Nashville (ABP) -- Members of the coalition that fought the Roman Catholic Church's hierarchy over sexual abuse by priests are asking the Southern Baptist Convention to prevent similar clergy abuse in the denomination's churches.

Members of the Survivors Network of those Abused by Priests, or SNAP, delivered a letter to the SBC Executive Committee at its Nashville headquarters Sept. 26. It asks convention leaders to form an independent review board to receive and investigate charges of clergy abuse in Southern Baptist congregations.

Abuse from clergy is a "systemic" problem, the letter said, and must be addressed by the denomination's main permanent governing body, the Executive Committee. SNAP members also mailed the missive to South Carolina pastor Frank Page, who was elected to the SBC presidency in June.

The letter is the second one they have sent to Southern Baptist leaders.

"Just as [a] family member cannot properly investigate a molestation claim made against a close relative, local church leaders cannot properly investigate a report of clergy abuse made against a much-loved minister," SNAP members wrote. "The usual dynamics dictate that there cannot possibly be a proper inquiry without outside intervention."

Part of the difficulty the SBC faces in taking aggressive action involves the autonomous nature of local churches in Baptist polity. Since individual congregations have full control over their decision-making and governing processes, the SBC can't dictate rules or punishment to them.

Christa Brown, 54, who said she was abused by a Southern Baptist youth minister in 1968, told Associated Baptist Press she believes if SBC leaders cared enough to focus on protecting kids, they would not let congregational autonomy be an impediment to action.

"For denominational leaders to use congregational autonomy as an excuse for inaction strikes me as a rather Pharisee-like focus on an ecclesiological legalism," said Brown, who maintains www.stopbaptistpredators.org , a website aimed at challenging Southern Baptist leaders to "get tough" on sex abuse by clergy. "And it's a misplaced focus that is very dangerous because it leaves kids at risk."

In January, Brown won an apology from the Texas Baptist church that employed the youth minister she says sexually abused her when she was 16. Officials took no legal action against the man at the time, and he was employed by other churches for more than two decades. Brown filed a lawsuit that was settled out of court last year.

Abuse survivors complain that too often abusive ministers move on to other churches without being punished, only to repeat the abuse in another location.

The SNAP letter said that, given the frequently reported pattern of church officials failing to respond to clergy-abuse allegations, the SBC must provide national leadership to rid the ranks of such repetitive predators.

"When kids are at stake, there is no place for passivity on the part of denominational leaders," it said.

David Clohessy, Mike Coode, Miguel Prats and Brown said in their letter that the denomination's structure is no excuse for Executive Committee inaction.

Southern Baptists have shown themselves capable of cooperative endeavors when they choose, they wrote, so, "given that congregational autonomy does not preclude a cooperative denomination-wide effort for these other endeavors, why should it preclude a domination-wide effort at protecting kids from clergy predators?"

SBC president Page responded to SNAP's first letter.
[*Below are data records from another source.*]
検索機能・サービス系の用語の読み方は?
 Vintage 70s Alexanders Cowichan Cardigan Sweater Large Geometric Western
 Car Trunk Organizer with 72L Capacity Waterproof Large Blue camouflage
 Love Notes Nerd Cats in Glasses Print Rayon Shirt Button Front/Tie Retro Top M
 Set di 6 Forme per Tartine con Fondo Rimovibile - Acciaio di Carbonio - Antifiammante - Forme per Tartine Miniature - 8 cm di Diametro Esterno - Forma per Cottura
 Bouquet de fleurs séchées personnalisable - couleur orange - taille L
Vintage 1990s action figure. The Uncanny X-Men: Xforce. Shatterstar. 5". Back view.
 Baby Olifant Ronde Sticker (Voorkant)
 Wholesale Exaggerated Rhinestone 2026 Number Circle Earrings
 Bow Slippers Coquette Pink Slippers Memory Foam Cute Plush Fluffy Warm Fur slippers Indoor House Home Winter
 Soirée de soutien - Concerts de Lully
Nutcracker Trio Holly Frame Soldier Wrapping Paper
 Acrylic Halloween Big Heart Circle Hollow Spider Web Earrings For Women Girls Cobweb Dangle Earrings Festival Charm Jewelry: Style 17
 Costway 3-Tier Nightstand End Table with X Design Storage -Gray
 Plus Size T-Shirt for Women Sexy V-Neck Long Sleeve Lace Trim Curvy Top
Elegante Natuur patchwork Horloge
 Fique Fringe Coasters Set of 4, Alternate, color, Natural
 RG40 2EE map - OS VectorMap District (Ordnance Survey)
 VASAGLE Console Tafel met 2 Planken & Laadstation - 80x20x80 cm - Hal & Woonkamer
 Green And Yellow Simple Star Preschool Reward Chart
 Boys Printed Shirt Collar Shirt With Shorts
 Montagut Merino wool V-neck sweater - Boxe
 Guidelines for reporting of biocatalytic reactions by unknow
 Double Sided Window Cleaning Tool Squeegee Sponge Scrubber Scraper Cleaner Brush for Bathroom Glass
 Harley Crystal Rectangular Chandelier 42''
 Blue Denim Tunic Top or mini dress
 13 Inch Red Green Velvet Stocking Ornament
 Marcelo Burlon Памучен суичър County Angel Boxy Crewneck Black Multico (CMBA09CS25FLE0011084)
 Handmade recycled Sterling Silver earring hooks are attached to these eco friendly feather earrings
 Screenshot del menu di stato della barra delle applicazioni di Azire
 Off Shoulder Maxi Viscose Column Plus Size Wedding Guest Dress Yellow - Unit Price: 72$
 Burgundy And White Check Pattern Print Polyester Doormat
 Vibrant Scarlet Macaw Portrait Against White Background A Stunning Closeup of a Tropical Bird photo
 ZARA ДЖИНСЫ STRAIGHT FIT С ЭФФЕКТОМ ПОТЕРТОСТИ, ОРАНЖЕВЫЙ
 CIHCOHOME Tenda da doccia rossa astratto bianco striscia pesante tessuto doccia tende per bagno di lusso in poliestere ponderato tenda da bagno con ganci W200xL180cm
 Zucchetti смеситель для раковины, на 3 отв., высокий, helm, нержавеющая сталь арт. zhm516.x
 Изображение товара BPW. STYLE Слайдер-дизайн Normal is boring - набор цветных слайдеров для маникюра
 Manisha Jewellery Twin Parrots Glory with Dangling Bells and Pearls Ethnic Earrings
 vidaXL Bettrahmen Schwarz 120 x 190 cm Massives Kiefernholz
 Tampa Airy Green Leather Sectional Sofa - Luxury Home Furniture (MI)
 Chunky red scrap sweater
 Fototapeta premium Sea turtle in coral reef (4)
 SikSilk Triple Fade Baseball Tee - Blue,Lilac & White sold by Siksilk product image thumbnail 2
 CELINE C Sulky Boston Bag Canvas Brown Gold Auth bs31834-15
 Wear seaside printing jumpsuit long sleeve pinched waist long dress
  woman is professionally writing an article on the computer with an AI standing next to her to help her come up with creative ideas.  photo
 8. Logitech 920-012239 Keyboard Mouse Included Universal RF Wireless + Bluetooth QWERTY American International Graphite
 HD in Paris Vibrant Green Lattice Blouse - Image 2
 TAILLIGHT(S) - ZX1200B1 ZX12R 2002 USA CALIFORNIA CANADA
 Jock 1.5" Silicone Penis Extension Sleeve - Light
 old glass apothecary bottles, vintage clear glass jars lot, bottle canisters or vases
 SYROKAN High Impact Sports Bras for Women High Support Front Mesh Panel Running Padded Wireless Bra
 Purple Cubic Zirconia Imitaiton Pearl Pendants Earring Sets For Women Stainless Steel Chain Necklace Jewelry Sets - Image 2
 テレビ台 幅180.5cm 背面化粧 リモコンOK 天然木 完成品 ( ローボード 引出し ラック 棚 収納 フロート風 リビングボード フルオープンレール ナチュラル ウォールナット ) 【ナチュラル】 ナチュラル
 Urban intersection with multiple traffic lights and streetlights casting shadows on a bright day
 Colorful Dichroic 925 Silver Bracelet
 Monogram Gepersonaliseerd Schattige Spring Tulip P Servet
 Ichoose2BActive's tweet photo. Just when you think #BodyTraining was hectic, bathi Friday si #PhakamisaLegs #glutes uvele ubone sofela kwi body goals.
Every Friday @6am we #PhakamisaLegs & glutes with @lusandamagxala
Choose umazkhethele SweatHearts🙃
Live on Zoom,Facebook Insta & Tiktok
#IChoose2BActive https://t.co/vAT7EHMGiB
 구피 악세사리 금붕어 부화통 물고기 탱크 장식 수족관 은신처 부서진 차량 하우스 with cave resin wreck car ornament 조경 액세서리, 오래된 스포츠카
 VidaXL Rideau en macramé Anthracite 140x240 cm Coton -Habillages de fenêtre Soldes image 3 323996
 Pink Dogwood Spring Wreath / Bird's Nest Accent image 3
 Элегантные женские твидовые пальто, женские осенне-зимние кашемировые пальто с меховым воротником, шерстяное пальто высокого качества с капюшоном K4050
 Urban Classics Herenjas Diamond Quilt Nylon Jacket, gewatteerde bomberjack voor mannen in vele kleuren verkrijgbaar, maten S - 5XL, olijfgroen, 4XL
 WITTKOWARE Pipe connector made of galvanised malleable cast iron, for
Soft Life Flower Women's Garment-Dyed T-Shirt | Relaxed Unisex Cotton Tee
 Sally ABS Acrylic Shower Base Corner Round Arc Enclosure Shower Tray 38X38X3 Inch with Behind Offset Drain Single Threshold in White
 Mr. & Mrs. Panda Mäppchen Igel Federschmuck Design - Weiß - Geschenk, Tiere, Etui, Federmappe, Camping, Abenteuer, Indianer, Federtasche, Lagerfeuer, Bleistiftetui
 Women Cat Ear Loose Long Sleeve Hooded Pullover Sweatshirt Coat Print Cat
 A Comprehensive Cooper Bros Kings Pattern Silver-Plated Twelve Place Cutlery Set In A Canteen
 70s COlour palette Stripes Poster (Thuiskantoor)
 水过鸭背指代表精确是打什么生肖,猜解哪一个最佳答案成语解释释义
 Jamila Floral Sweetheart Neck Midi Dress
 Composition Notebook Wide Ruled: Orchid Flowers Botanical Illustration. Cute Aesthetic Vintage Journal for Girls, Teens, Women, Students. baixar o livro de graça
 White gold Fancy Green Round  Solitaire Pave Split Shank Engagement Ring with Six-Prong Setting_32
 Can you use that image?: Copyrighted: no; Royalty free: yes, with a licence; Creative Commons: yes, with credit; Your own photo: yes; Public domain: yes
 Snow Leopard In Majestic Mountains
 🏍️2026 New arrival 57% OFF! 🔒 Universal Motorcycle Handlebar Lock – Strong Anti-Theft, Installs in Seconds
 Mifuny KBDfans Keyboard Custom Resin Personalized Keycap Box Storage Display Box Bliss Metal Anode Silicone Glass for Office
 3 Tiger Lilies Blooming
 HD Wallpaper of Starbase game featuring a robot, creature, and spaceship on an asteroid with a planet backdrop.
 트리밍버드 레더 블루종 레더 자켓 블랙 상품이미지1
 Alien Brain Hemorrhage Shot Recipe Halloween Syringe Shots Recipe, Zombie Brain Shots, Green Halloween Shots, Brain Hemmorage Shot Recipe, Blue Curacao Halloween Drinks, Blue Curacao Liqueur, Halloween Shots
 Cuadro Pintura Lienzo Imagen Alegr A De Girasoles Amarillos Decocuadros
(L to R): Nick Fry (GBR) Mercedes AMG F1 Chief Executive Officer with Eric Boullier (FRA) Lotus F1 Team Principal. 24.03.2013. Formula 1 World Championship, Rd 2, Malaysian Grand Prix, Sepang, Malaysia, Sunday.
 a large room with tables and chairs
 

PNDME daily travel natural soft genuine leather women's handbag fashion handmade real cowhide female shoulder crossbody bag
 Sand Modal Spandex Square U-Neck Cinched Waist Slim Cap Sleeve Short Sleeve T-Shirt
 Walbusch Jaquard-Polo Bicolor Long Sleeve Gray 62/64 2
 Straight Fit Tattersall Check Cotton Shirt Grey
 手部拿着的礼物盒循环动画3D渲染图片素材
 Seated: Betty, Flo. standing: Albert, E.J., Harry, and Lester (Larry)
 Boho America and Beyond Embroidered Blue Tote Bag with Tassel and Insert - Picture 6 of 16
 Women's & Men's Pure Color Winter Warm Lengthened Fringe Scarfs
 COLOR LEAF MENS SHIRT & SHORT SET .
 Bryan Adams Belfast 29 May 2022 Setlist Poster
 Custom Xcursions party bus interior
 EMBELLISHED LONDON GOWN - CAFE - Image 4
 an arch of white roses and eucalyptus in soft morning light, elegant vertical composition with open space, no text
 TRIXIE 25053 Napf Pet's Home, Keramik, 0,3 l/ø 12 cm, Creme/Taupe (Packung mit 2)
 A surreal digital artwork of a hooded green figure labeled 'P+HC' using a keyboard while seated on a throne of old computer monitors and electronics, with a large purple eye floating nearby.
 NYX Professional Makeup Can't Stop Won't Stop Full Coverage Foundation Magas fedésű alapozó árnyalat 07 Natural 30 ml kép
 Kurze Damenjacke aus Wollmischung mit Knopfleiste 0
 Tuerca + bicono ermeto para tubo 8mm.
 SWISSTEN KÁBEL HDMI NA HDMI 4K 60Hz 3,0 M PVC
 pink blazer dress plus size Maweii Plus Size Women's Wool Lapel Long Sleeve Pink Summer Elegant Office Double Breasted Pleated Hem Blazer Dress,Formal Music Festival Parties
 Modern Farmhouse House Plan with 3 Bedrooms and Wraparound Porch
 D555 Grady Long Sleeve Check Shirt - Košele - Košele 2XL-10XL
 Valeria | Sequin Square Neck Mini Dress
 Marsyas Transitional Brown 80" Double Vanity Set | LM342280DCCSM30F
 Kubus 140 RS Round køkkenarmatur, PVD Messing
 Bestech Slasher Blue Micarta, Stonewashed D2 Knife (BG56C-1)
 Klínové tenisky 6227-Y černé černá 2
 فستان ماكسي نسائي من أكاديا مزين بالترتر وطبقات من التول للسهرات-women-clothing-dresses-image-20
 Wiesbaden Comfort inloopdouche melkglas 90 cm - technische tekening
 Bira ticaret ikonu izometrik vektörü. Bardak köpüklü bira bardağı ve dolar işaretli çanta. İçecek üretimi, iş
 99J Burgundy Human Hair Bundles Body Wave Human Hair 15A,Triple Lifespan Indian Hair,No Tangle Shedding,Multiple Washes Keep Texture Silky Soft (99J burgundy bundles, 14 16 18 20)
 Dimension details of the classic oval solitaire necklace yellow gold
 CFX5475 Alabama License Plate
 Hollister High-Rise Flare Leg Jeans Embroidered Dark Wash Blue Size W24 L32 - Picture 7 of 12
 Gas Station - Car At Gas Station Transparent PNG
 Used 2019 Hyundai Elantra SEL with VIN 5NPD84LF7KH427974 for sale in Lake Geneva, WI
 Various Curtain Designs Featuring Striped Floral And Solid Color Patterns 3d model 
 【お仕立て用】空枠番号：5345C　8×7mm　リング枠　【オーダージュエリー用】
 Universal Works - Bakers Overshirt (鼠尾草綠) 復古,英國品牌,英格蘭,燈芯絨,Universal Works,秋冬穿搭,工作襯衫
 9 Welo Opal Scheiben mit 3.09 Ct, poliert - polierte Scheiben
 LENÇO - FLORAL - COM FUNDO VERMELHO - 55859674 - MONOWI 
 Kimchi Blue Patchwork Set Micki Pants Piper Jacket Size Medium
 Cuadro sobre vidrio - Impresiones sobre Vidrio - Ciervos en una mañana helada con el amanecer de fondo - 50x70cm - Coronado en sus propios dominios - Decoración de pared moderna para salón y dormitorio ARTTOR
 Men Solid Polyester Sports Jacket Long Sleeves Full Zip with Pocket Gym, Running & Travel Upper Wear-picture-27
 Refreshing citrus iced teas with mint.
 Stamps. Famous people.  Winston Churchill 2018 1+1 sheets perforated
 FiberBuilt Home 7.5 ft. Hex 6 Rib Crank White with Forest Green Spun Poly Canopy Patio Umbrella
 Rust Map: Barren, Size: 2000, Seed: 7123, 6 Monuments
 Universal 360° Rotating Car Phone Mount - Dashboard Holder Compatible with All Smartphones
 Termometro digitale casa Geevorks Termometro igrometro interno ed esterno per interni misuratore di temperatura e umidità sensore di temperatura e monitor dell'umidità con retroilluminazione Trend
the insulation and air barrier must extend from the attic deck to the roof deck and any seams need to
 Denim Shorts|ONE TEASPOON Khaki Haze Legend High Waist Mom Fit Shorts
After stating how disturbed he was by the egregious abuse of power in some local churches, Page said he would meet with SBC officials to see whether they "might provide this kind of assistance without infringing upon the autonomy of these state-level or local-level entities."

Requests in the latest letter call for a victim hotline, church-wide education about sexual abuse, and a "zero tolerance" policy for Southern Baptist churches that hire someone with any report of having sexually abused a minor. Another issue in the letter highlights the fact that the Baptist General Convention of Texas keeps confidential a file of ministers who reportedly committed sexual misconduct. The SNAP representatives said parents nationwide should have access to the list.

The SNAP letter asks the SBC Executive Committee to recommend the establishment of a review board to messengers at the SBC's 2007 annual meeting, set for San Antonio.

According to the Tennessean of Nashville, SBC officials have said they will continue to provide support for abuse victims and will fully support criminal prosecution when necessary.